How the Secret Finally Came to Light

Throughout the entire course of the war and for decades afterward, the Soviet Union aggressively maintained the lie that they had never signed a secret protocol with Nazi Germany to divide Poland. They continued to insist that their 1939 invasion was merely a rescue mission for minorities.

However the truth could not be hidden forever. After the defeat of Nazi Germany in 1945, the Western Allies captured massive archives of German government documents. Among these papers they discovered the original German copies of the Molotov-Ribbentrop Pact and the damning secret protocol with the maps attached.

These documents were presented as evidence during the Nuremberg Trials to prove the crime of a war of aggression. The Soviet prosecutors at Nuremberg were deeply embarrassed and furiously tried to suppress the documents but the truth was out in the open. The world finally had undeniable proof that Hitler and Stalin had conspired to start the war together. Despite this overwhelming evidence, the Soviet government continued to deny the existence of the secret protocol until 1989 during the dying days of the Soviet empire under Mikhail Gorbachev.

The End of the Alliance and Operation Barbarossa

The alliance of convenience between the two dictators was always destined to fail. Hitler never abandoned his ultimate goal of conquering the Soviet Union to secure living space for the German people. On June 22, 1941, Hitler broke the nonaggression pact and launched Operation Barbarossa, the massive German invasion of the Soviet Union.

The betrayal was complete. The Red Army was caught completely off guard, largely because Stalin had stubbornly refused to believe that Hitler would attack him so soon. As the German military smashed through the Soviet defenses, they marched right back over the exact same Polish territory they had given to Stalin two years prior. Poland once again became a blood soaked battlefield as the two totalitarian giants fought a war of absolute annihilation against each other.

The collapse of the Nazi-Soviet pact forced Stalin to join the Allies. This created a very difficult diplomatic situation for the Polish government in exile which now had to pretend to be allies with the very same Soviet government that had invaded their country and murdered their officers in the Katyn Forest.

The Long Lasting Legacy of the 1939 Betrayal

The secret erasure of Poland in 1939 had profound and lasting effects on the history of Eastern Europe. Even after Nazi Germany was entirely defeated in 1945, Poland did not truly regain its freedom. At the Yalta Conference the Western Allies effectively agreed to let the Soviet Union keep the eastern territories of Poland that Stalin had originally stolen in 1939. The borders of Poland were forcibly shifted westward.

Furthermore the Soviet Union installed a puppet communist government in Warsaw. For the next four decades Poland was trapped behind the Iron Curtain. The Polish people had fought from the very first day of World War II, suffered unimaginable civilian casualties, and contributed greatly to the Allied victory, yet they were rewarded with forty years of communist oppression.
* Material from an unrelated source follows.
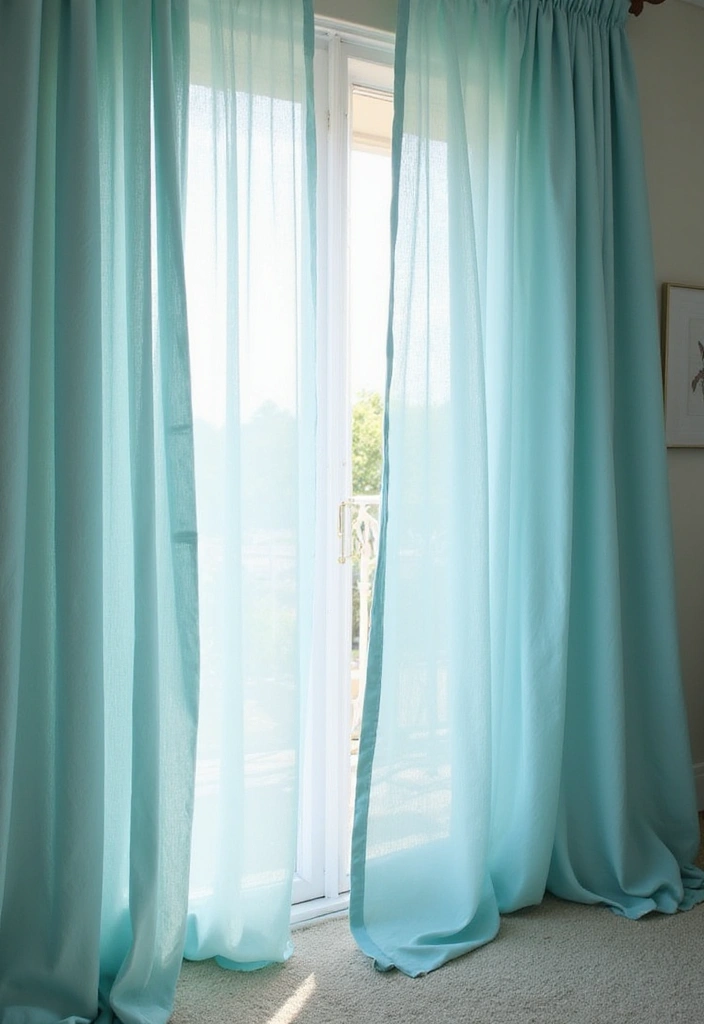 21 Beach-Inspired Bedroom Decor Ideas That'll Make You Feel Like You're on Vacation Every Day! - 9. Ocean Breeze Curtains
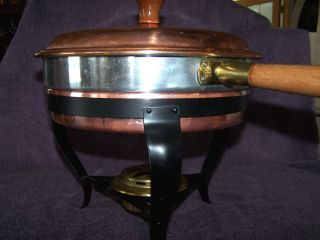 Vintage Copper Aluminum Stainless Chafing Dish With Wood Handles Brass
The memory of the Molotov-Ribbentrop Pact remains a deeply painful scar on the Polish national consciousness. It serves as a permanent historical reminder of the dangers of being caught between powerful and aggressive neighbors. The history of September 1939 teaches a grim lesson about the cynical nature of authoritarian regimes and how easily international law can be tossed aside by dictators hungry for power.

Conclusion

The story of how Hitler and Stalin secretly erased Poland is one of the darkest chapters in modern human history. The invasion of Poland was not just the result of German aggression. It was a carefully orchestrated joint venture between two totalitarian empires that sought to dominate the European continent. The signing of the Molotov-Ribbentrop Pact and its hidden secret protocol provided the necessary conditions for the outbreak of World War II.

By agreeing to divide the country between them, Nazi Germany and the Soviet Union unleashed unprecedented suffering upon the Polish population. They attempted to systematically destroy Polish culture, murder its leadership, and wipe its name from the history books. However despite facing the combined military might and terror apparatus of both Hitler and Stalin, the spirit of the Polish people was never truly broken. Today Poland stands as a free and independent nation, serving as a powerful testament to survival against the ultimate historical betrayal.